▶ WHAT YOU ARE ASKED TO DO
What you give back should be exactly the lines from the one with "Quantity of (4)" through the end of the data, without the pictures.

━━━━━━━━━━

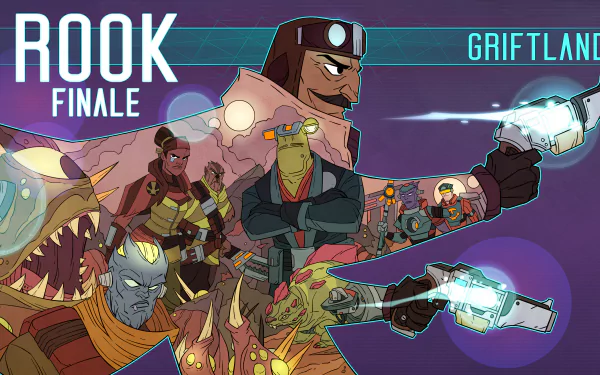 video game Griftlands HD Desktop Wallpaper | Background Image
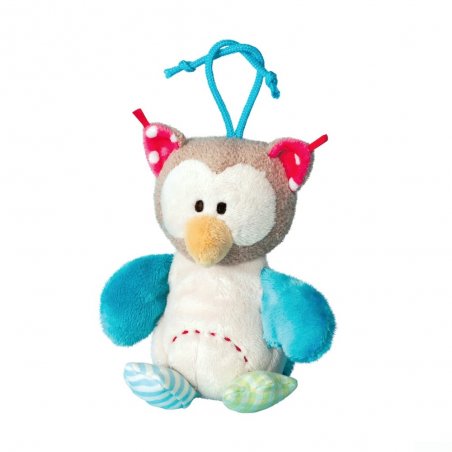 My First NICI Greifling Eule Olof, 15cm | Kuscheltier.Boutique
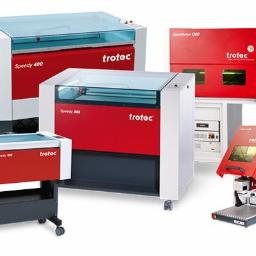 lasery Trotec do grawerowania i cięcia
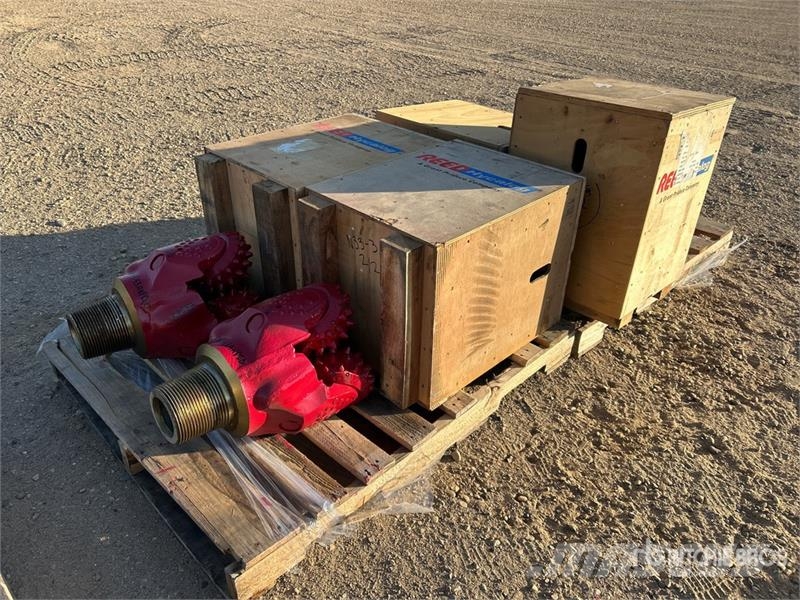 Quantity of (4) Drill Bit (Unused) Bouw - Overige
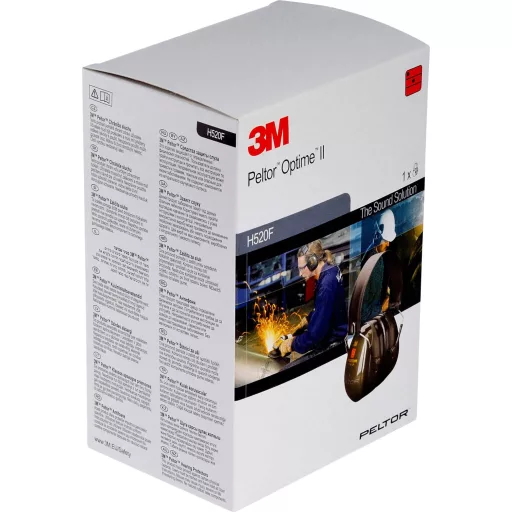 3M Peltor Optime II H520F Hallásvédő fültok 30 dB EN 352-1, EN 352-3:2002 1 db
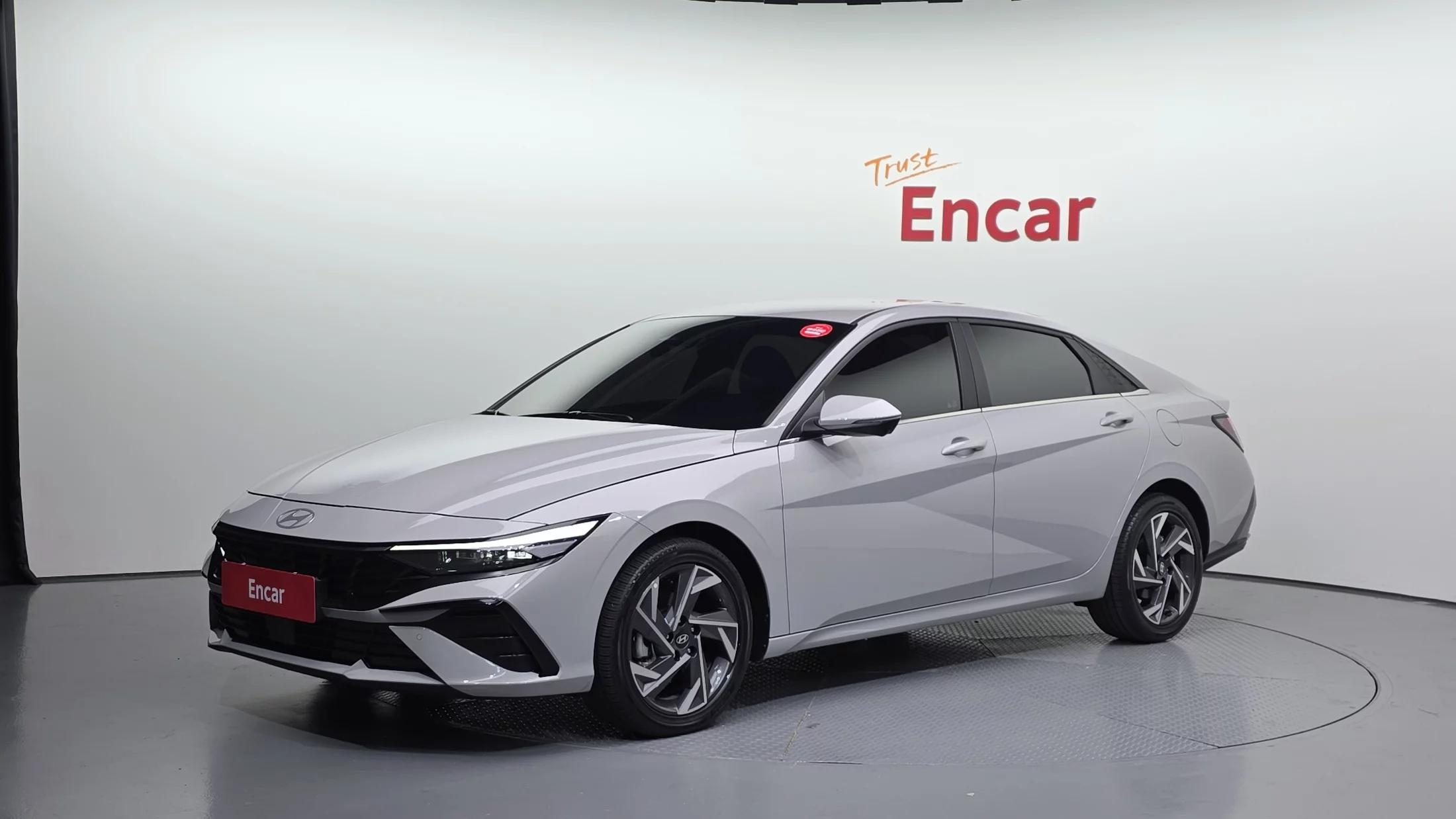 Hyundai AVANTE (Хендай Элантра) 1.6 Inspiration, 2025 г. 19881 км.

━━━━━━━━━━

▶ OUTPUT OF THE TASK
 Quantity of (4) Drill Bit (Unused) Bouw - Overige
 3M Peltor Optime II H520F Hallásvédő fültok 30 dB EN 352-1, EN 352-3:2002 1 db
 Hyundai AVANTE (Хендай Элантра) 1.6 Inspiration, 2025 г. 19881 км.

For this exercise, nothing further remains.